80% of the performance depends on the application and on the data model.
20% depends on the hardware, oracle version, database parameters and on SQL tuning (execution plan, indexes etc.)
Application
Here's an example for a poor designed application: A page shows a list with columns. And for every row, a separate SQL-statement is sent to the database. Here, SQL tuning will not help. You have to change the application.
Data Model
The same with the data model. Normalization is good, but normally, you have to stop at a certain point. Otherwise, you'll get performance problems. For many years, I worked for an application with a good designed datamodel, but there was a general fault. To the designer, it seemed a good idea: Every table had columns like ID, SHORTNAME (German: Kürzel), TENANT (German: Mandant/"Mutter"), CREATED_DATE, CREATED_BY etc. He created a "central" table called SVENTITAET and put these columns into it.

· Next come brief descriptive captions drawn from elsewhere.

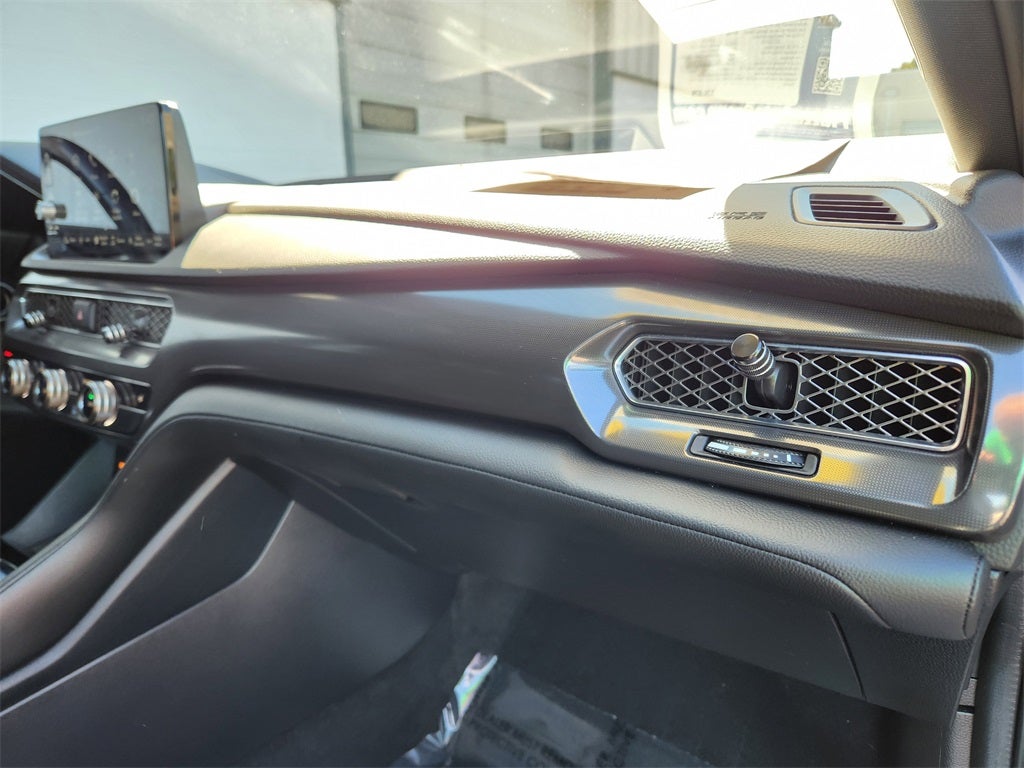 2023 Acura Integra A-Spec Tech Package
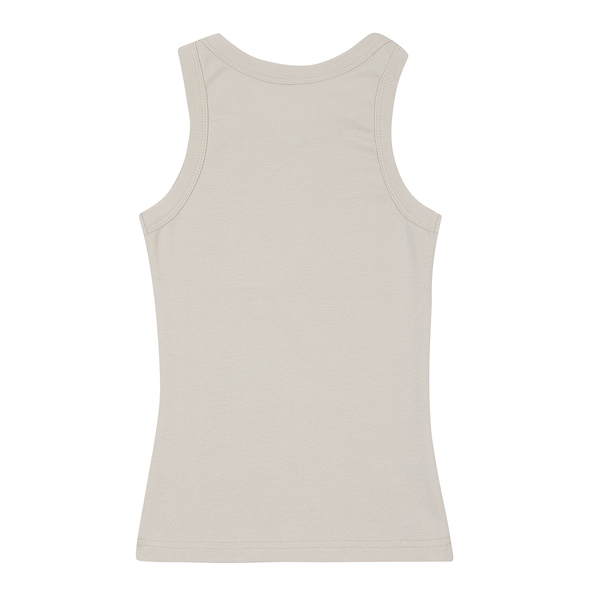 Топ Garnamama Lasting vest 146-152 Бежевый (1043253.13534011) - Pampik - 2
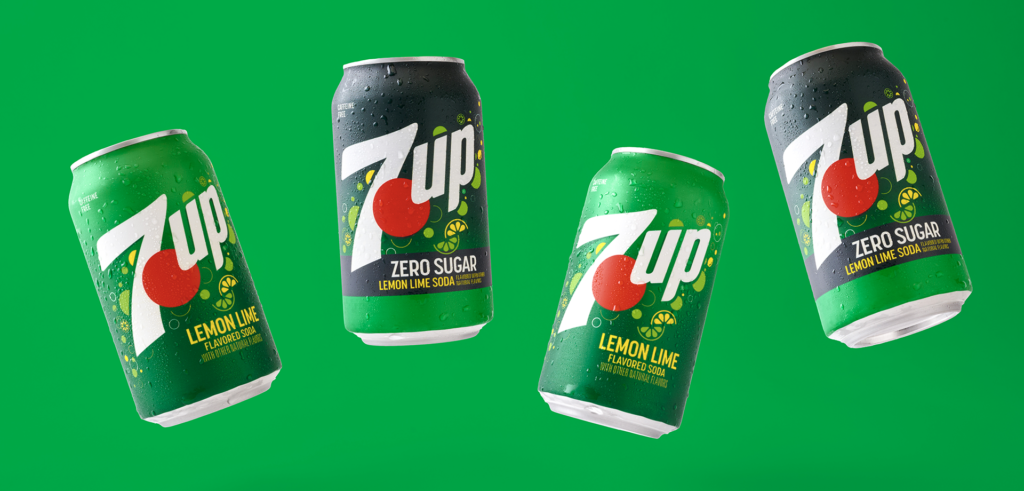 7UP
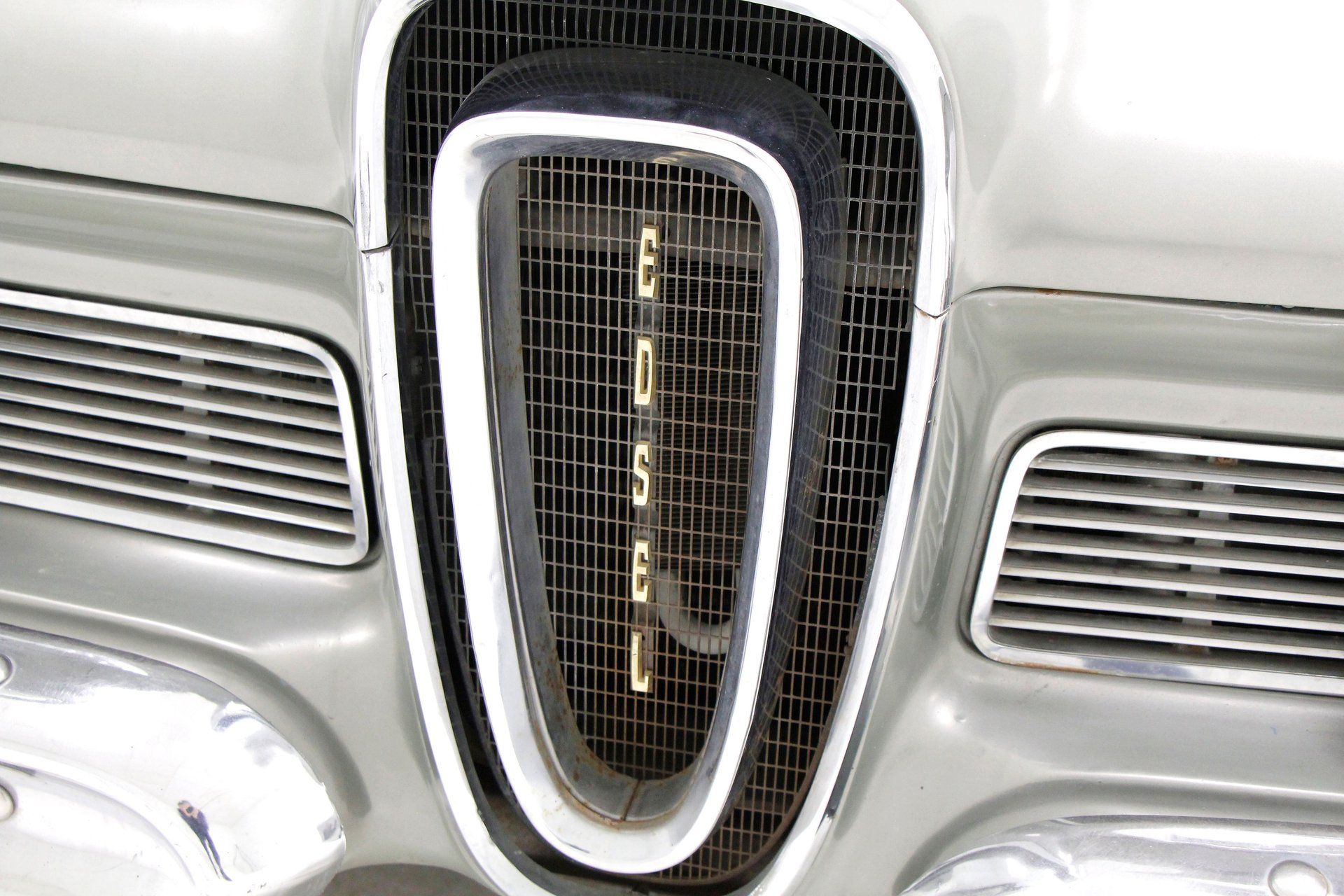 1958 Edsel Corsair 4 Door Hardtop, foto 10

He added a column TABLE so that everyone knew where the rest of the data is.
If you search for search for a row with a certain shortname, you only have to search in SVENTITAET, you don't need to think about where the data is.
But: For nearly all queries, you'll need data from this table. So you have to join every table with this table. This makes your SQL complex and slow. Also for every DML (=data manipulation language) operation, you have to do something with SVENTITAET. SVENTITAET definitely was a hot spot in the database.
So don't overnormalize your data model. Put these columns into every table, not into one table. And if you want to search for a shortname without thinking about which table, then generate a view or if it is to slow, a materialized view.